(EXERCISE MATERIALS)

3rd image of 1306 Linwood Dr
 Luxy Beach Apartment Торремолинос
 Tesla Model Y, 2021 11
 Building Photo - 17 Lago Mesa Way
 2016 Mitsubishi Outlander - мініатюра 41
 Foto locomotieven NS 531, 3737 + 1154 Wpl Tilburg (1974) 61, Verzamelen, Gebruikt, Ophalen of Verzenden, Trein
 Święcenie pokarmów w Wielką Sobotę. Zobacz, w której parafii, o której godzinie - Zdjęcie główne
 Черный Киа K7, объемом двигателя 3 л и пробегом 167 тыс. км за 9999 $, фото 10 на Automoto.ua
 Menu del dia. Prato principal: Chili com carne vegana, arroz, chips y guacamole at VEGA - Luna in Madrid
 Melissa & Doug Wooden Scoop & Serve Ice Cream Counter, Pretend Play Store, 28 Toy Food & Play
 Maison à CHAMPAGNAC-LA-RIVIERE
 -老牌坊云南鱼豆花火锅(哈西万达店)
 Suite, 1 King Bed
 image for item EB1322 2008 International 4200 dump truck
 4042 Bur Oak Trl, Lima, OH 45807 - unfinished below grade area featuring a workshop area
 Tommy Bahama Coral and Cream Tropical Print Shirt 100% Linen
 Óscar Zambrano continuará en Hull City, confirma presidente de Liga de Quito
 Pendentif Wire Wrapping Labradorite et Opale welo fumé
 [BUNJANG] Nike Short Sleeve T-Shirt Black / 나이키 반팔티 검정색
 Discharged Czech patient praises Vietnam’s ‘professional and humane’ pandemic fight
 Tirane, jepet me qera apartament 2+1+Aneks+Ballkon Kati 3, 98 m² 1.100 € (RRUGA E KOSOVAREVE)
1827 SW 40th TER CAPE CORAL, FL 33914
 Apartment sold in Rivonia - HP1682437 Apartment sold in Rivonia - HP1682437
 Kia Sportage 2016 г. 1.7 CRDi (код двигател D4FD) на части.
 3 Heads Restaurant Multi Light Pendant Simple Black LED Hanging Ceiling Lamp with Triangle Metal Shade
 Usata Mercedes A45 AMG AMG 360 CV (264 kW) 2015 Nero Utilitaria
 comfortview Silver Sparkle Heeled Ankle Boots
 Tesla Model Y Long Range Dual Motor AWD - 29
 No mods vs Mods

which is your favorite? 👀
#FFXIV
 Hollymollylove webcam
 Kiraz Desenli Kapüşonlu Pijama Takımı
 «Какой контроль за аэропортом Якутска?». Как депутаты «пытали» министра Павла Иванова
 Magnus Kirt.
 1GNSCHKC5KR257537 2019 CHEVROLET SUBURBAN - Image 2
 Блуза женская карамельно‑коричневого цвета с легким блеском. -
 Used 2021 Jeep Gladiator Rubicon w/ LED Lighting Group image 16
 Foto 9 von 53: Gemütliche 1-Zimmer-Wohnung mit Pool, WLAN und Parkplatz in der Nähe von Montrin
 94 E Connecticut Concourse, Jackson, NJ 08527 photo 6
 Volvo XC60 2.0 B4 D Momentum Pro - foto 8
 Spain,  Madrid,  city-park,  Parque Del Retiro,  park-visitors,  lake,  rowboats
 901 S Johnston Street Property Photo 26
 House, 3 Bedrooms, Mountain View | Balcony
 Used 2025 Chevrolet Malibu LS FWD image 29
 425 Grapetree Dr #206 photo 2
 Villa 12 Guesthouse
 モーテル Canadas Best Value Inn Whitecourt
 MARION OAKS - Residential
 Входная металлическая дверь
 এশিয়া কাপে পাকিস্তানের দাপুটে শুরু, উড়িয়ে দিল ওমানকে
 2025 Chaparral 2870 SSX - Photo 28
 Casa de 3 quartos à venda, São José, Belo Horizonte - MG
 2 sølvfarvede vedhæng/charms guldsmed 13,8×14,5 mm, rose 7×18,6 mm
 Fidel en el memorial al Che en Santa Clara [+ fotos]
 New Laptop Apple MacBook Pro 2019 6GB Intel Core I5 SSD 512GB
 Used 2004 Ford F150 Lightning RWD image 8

(End EXERCISE MATERIALS)

EXERCISE AIM: Exactly as written, output all of the entries.

SOLUTION TO THE PROBLEM:
3rd image of 1306 Linwood Dr
 Luxy Beach Apartment Торремолинос
 Tesla Model Y, 2021 11
 Building Photo - 17 Lago Mesa Way
 2016 Mitsubishi Outlander - мініатюра 41
 Foto locomotieven NS 531, 3737 + 1154 Wpl Tilburg (1974) 61, Verzamelen, Gebruikt, Ophalen of Verzenden, Trein
 Święcenie pokarmów w Wielką Sobotę. Zobacz, w której parafii, o której godzinie - Zdjęcie główne
 Черный Киа K7, объемом двигателя 3 л и пробегом 167 тыс. км за 9999 $, фото 10 на Automoto.ua
 Menu del dia. Prato principal: Chili com carne vegana, arroz, chips y guacamole at VEGA - Luna in Madrid
 Melissa & Doug Wooden Scoop & Serve Ice Cream Counter, Pretend Play Store, 28 Toy Food & Play
 Maison à CHAMPAGNAC-LA-RIVIERE
 -老牌坊云南鱼豆花火锅(哈西万达店)
 Suite, 1 King Bed
 image for item EB1322 2008 International 4200 dump truck
 4042 Bur Oak Trl, Lima, OH 45807 - unfinished below grade area featuring a workshop area
 Tommy Bahama Coral and Cream Tropical Print Shirt 100% Linen
 Óscar Zambrano continuará en Hull City, confirma presidente de Liga de Quito
 Pendentif Wire Wrapping Labradorite et Opale welo fumé
 [BUNJANG] Nike Short Sleeve T-Shirt Black / 나이키 반팔티 검정색
 Discharged Czech patient praises Vietnam’s ‘professional and humane’ pandemic fight
 Tirane, jepet me qera apartament 2+1+Aneks+Ballkon Kati 3, 98 m² 1.100 € (RRUGA E KOSOVAREVE)
1827 SW 40th TER CAPE CORAL, FL 33914
 Apartment sold in Rivonia - HP1682437 Apartment sold in Rivonia - HP1682437
 Kia Sportage 2016 г. 1.7 CRDi (код двигател D4FD) на части.
 3 Heads Restaurant Multi Light Pendant Simple Black LED Hanging Ceiling Lamp with Triangle Metal Shade
 Usata Mercedes A45 AMG AMG 360 CV (264 kW) 2015 Nero Utilitaria
 comfortview Silver Sparkle Heeled Ankle Boots
 Tesla Model Y Long Range Dual Motor AWD - 29
 No mods vs Mods

which is your favorite? 👀
#FFXIV
 Hollymollylove webcam
 Kiraz Desenli Kapüşonlu Pijama Takımı
 «Какой контроль за аэропортом Якутска?». Как депутаты «пытали» министра Павла Иванова
 Magnus Kirt.
 1GNSCHKC5KR257537 2019 CHEVROLET SUBURBAN - Image 2
 Блуза женская карамельно‑коричневого цвета с легким блеском. -
 Used 2021 Jeep Gladiator Rubicon w/ LED Lighting Group image 16
 Foto 9 von 53: Gemütliche 1-Zimmer-Wohnung mit Pool, WLAN und Parkplatz in der Nähe von Montrin
 94 E Connecticut Concourse, Jackson, NJ 08527 photo 6
 Volvo XC60 2.0 B4 D Momentum Pro - foto 8
 Spain,  Madrid,  city-park,  Parque Del Retiro,  park-visitors,  lake,  rowboats
 901 S Johnston Street Property Photo 26
 House, 3 Bedrooms, Mountain View | Balcony
 Used 2025 Chevrolet Malibu LS FWD image 29
 425 Grapetree Dr #206 photo 2
 Villa 12 Guesthouse
 モーテル Canadas Best Value Inn Whitecourt
 MARION OAKS - Residential
 Входная металлическая дверь
 এশিয়া কাপে পাকিস্তানের দাপুটে শুরু, উড়িয়ে দিল ওমানকে
 2025 Chaparral 2870 SSX - Photo 28
 Casa de 3 quartos à venda, São José, Belo Horizonte - MG
 2 sølvfarvede vedhæng/charms guldsmed 13,8×14,5 mm, rose 7×18,6 mm
 Fidel en el memorial al Che en Santa Clara [+ fotos]
 New Laptop Apple MacBook Pro 2019 6GB Intel Core I5 SSD 512GB
 Used 2004 Ford F150 Lightning RWD image 8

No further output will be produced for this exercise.